Good Wood! Using Wood to Transform Multi-Storey ConstructionPosted: October 16, 2016
The Brock Commons building at the University of British Columbia is well on its way to completion in the Fall of 2017. The 18-storey student residence is part of a growing list of tall structures built primarily of wood. A 14-storey building in Bergen Norway is currently the tallest; in 2017 construction starts on a 21-storey building in Amsterdam. A 40-floor condo in Stockholm is on the drawing boards.
Ingrained habits and thinking have placed blinders on both builders and customers as to the massive changes in wood-based materials technologies. This blog has been stunned by the waste and inefficiency of current building practices; as lean practitioners these building projects are a welcome development.
In The Economist’s coverage they wrote:
The five-storey pagoda of the Temple of the Flourishing Law in the Nara prefecture of Japan is one of the world’s oldest wooden buildings. It has withstood wind, rain, fire and earthquakes for 1,400 years. Analysis of the rings in the central pillar supporting the 32-metre structure suggests the wood that it is made from was felled in 594, and construction is thought to have taken place soon after.
In an age of steel and concrete, the pagoda is a reminder of wood’s long history as a construction material. New techniques mean that wood can now be used for much taller buildings.
In recent years there have been big advances in “engineered” wood, such as cross-laminated timber (CLT) made from layers of timber sections glued together with their grains at right angles to one another. In much the same way that aligning carbon-fibre composites creates stronger racing cars, aircraft and golf clubs, CLT imparts greater rigidity and strength to wooden structures.
A recent experiment by Skidmore, Owings & Merrill, a firm of architects, and Oregon State University, shows how strong engineered wood can be. The researchers used CLT in a hybrid form known as concrete-jointed timber. This featured an 11-metre wide CLT floor section with a thin layer of reinforced concrete spread across the surface. Thicker sections of concrete were added where the floor was supported by pillars. It was put into a giant test rig where a powerful hydraulic press pushed with increasing force onto the surface. The researchers wanted to see how the structure moved under load, but kept pressing in order to find its limits. The floor finally began to crack when the load reached a massive 82,000 pounds (37,200 kg), around eight times what it was designed to support.

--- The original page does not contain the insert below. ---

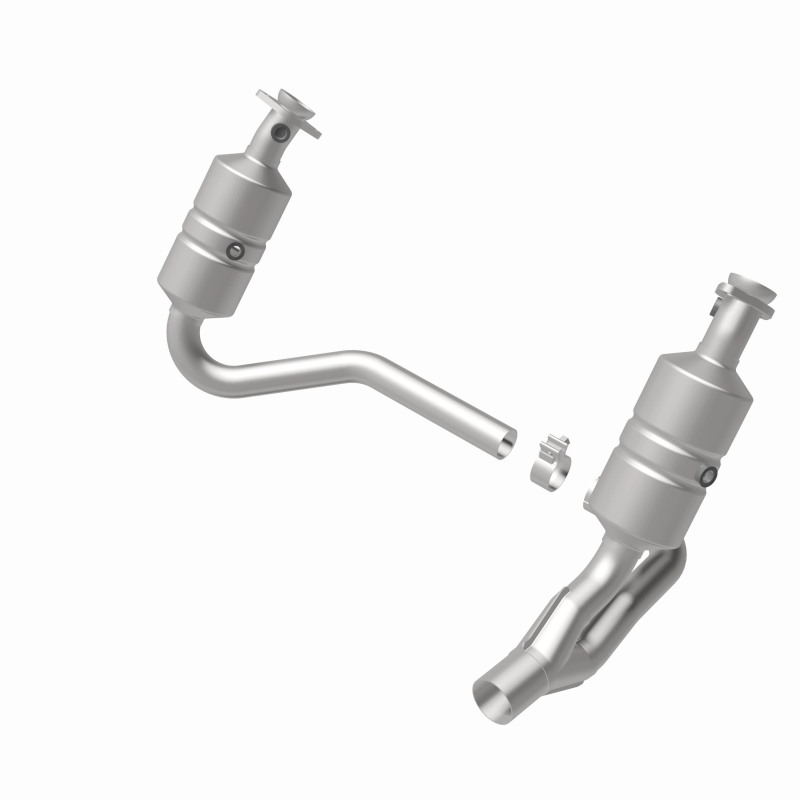 Dodge Dakota Performance Exhaust - Magnaflow - Direct Fit Converter - `07-`09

In general, a large mass of wood, such as a CLT floor, is difficult to burn without a sustained heat source—for the same reason that it is hard to light a camp fire when all you have is logs. Once the outside of the timber chars it can prevent the wood inside from igniting. The big urban fires of the past, such as the Great Fire of London, which occurred 350 years ago this month, were mostly fuelled by smaller sections of timber acting as kindling. Prospective tenants would doubtless need lots of reassurance. But with other fire-resistant layers and modern sprinkler systems, tall wooden buildings can exceed existing fire standards, reckons Benton Johnson, a project leader with Skidmore, Owings & Merrill.
He says the test showed that not only can wood be made strong enough for tall buildings but that “it makes sense to use it”. Although a cubic metre of concrete is cheaper than an equivalent volume of timber, wooden buildings can be built faster. Mr Johnson thinks the appeal of wood, both visually and as a sustainable material, will make it commercially attractive to property developers.
What about wood worm and rot? “If you don’t look after it, steel and concrete will fail just as quickly as timber,” says Michael Ramage, head of the Centre for Natural Material Innovation at the University of Cambridge in Britain.